# ABOUT THIS EXERCISE:
Starting with the line containing "Sleeveless One Shoulder" and going on through the line containing "AQUOS sense10/AQUOS sense9適用のケース", return the lines of the data below exactly, and only those.

# GIVEN RECORDS:

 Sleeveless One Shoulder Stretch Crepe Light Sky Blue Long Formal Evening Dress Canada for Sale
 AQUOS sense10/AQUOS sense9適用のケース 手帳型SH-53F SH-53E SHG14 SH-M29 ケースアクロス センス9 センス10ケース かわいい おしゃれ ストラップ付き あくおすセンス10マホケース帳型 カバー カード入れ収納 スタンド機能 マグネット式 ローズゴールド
* * *
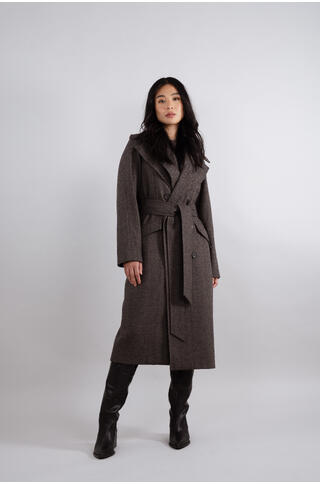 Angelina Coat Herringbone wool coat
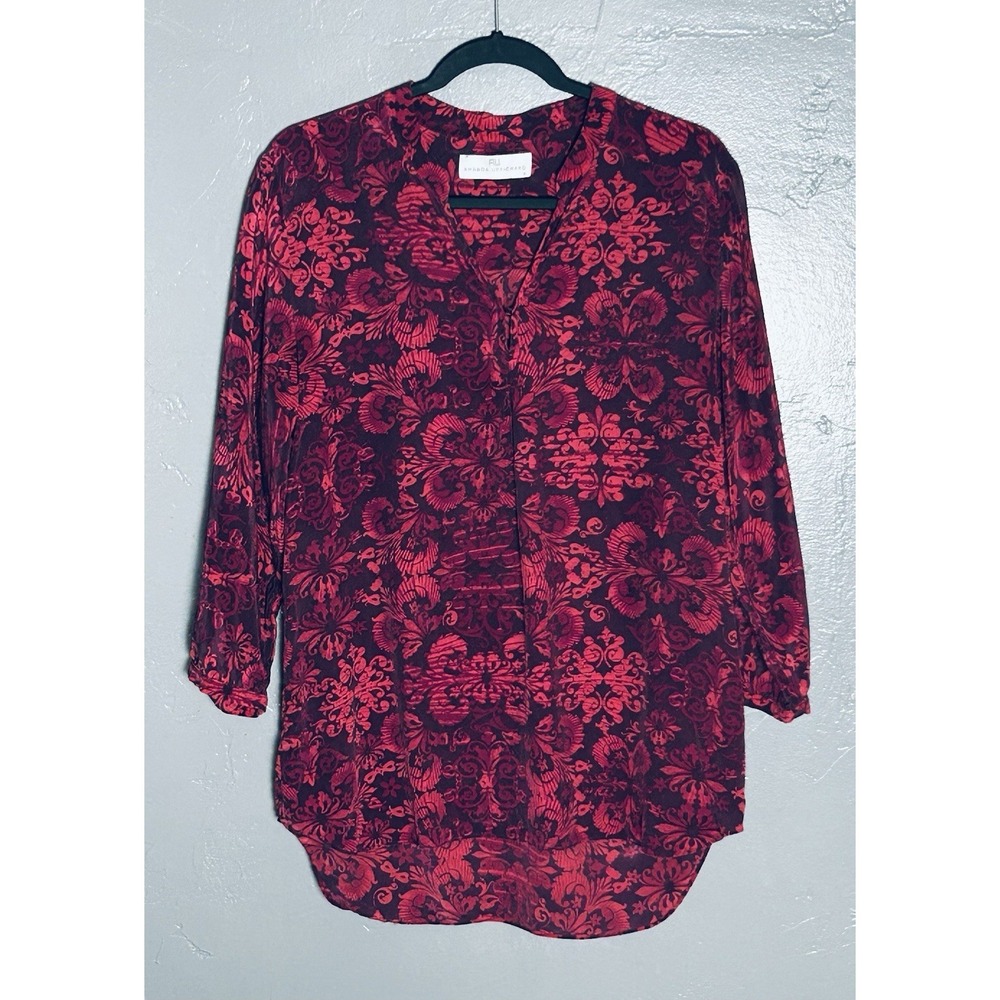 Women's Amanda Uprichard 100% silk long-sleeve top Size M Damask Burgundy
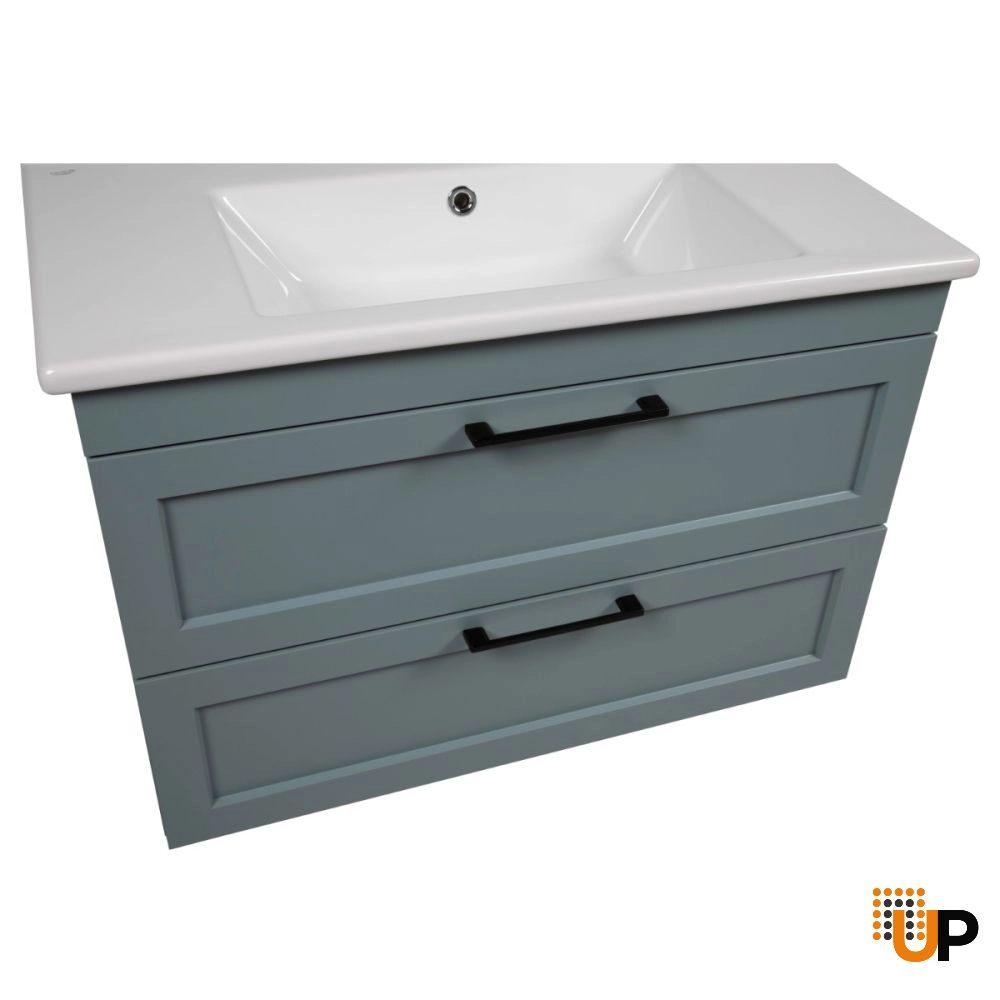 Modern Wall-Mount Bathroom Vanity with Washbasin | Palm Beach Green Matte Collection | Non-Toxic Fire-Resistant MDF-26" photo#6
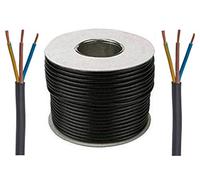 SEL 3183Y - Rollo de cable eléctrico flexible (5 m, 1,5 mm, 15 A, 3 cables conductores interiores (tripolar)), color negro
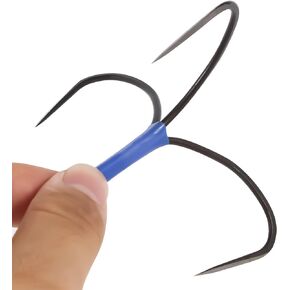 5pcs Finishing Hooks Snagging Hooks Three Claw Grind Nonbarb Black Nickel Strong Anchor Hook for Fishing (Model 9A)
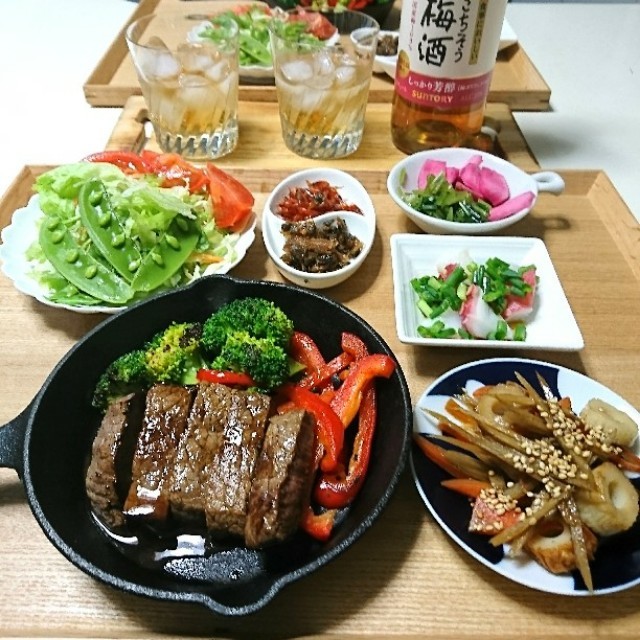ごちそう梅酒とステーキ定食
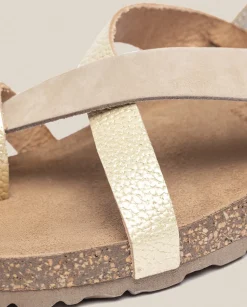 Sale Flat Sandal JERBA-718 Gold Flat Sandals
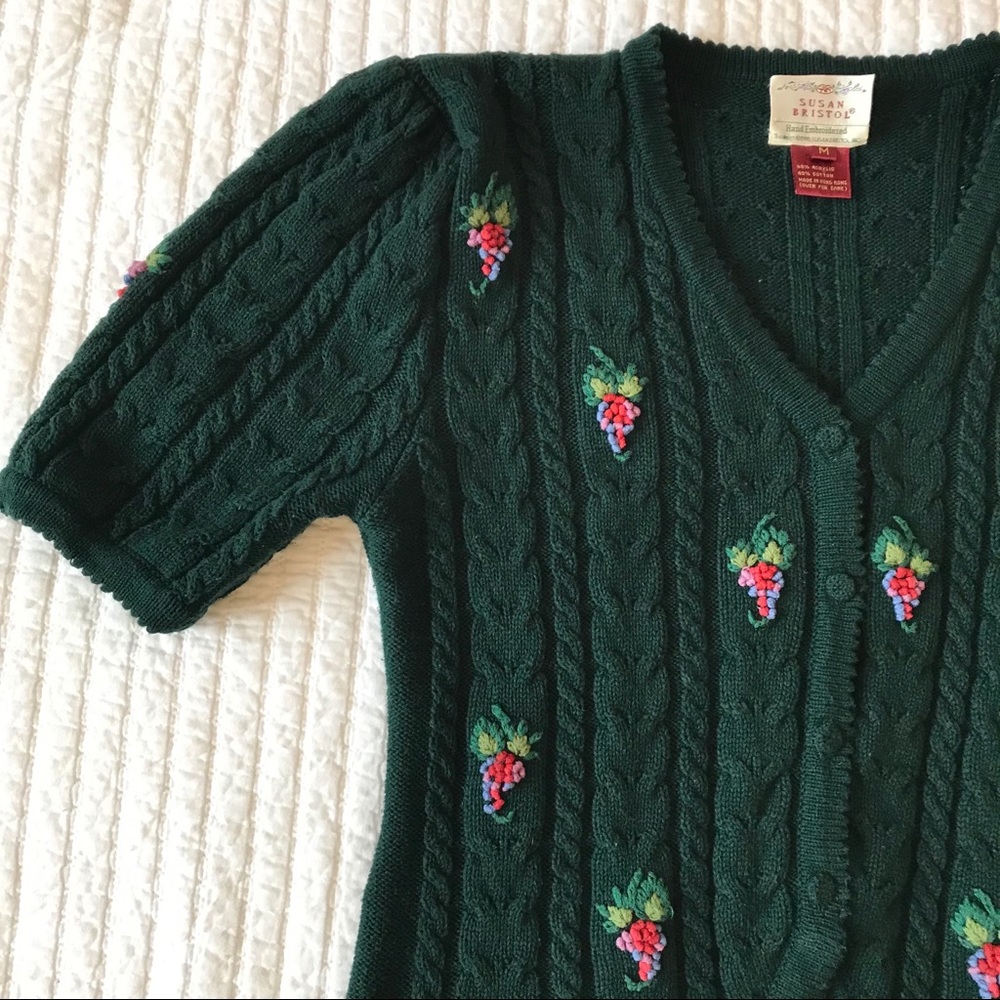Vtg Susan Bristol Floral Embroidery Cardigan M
---
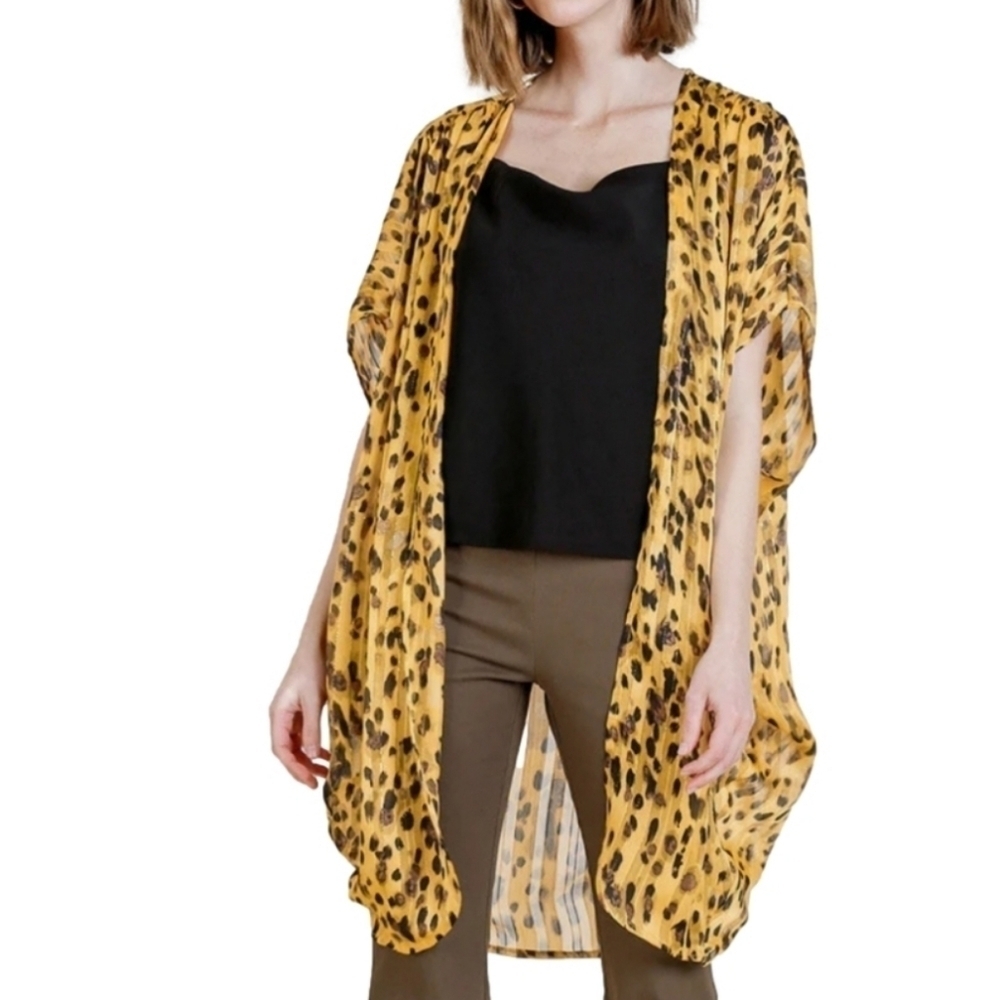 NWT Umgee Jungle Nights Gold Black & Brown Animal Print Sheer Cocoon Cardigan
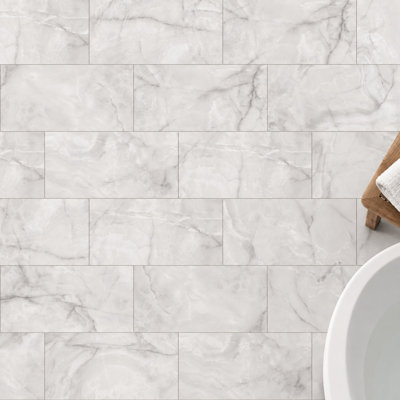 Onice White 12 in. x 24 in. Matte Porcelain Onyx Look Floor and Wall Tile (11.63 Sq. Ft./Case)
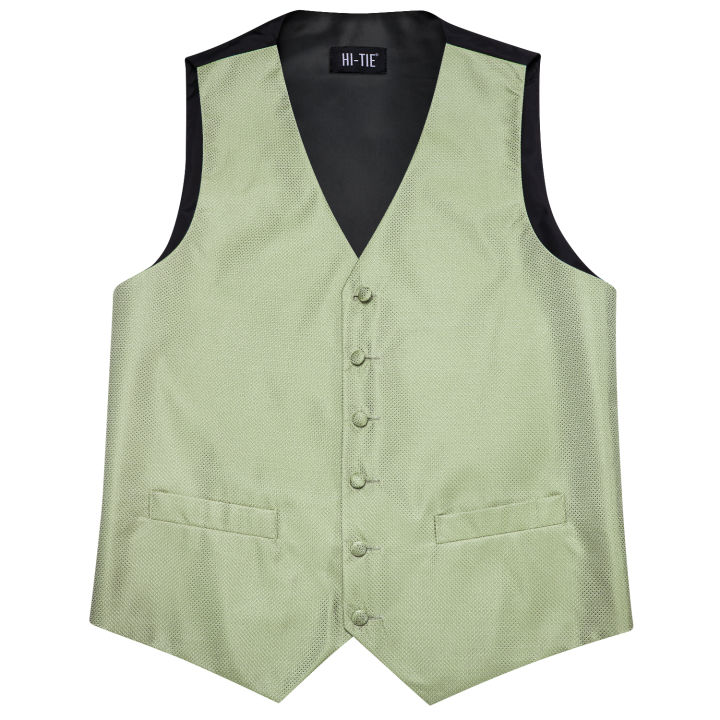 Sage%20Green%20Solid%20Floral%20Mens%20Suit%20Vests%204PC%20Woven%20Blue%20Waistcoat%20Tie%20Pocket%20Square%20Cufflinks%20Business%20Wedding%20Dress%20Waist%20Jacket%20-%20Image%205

# RESPONSE TO THE TASK:
 Sleeveless One Shoulder Stretch Crepe Light Sky Blue Long Formal Evening Dress Canada for Sale
 AQUOS sense10/AQUOS sense9適用のケース 手帳型SH-53F SH-53E SHG14 SH-M29 ケースアクロス センス9 センス10ケース かわいい おしゃれ ストラップ付き あくおすセンス10マホケース帳型 カバー カード入れ収納 スタンド機能 マグネット式 ローズゴールド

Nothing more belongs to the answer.